ちなみに、『更級日記』(1060年ごろ成立)に「心もしらぬ人をやどしたてまつりて(心も知らぬ人を家に泊めて)、かまばしもひきぬかれなば、いかにすべきぞと思て」という一文があり、この「かまばし」は一般に「釜箸(かまばし)」とされていますが、これは「竈箸(かまばし)」でしょう。火箸のようなもの。釜(かま)の箸(はし)という表現は奇妙です。

 

◎「かまど(竈)」

「かまと(竈処)」。「かま(竈)」は「あけやま(空け山)」。語頭の「あ」は退化し「けや」は「か」になった。「あけやま(空け山)→かま」は、内部を空虚にした山状のもの(装置)であり、上部と底部に穴があり、底部から燃料を入れ着火し、上部から発する熱を利用し、ほとんどは調理に用いる。語尾の「ど」は「と(処)」の濁音化であり、「と(処)」は空間局地的経験経過を表現し(→「と(処)」の項)、この「かま(竈)」は地上に地の一部であるかのように設置されており、「かまと(竈処)」は、竈(かま)たるそこ、竈(かま)たるそれ、の意になる。つまり、「かまと(竈処)」において、「あけやま(空け山)→かま(竈)」は局地的空間域を得、存在的権威となった。
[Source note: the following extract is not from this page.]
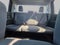 2023 Chevrolet Silverado 1500 4WD Crew Cab 147 Custom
「竈 …和名加万(かま) 炊㸑処也… 𫁑 …和名久度(くど) 竈後穿也」(『和名類聚鈔』)。

「竈 …カマ カマト」(『類聚名義抄』)。

「わがさまのいといらなく(みじめに)なりたるを思ひけるに、いとはしたなくて、(担っていた)芦(あし)もうち捨てて、走り逃げにけり。『しばし』と言はせけれど、人の家に逃げ入りて、竈(かま)の後方(しりへ)にかがまりてをりける」(『大和物語』:単に「かま」と言っている)。

「かまど(可麻度)には火気(ほけ)ふき立てず」(万892)。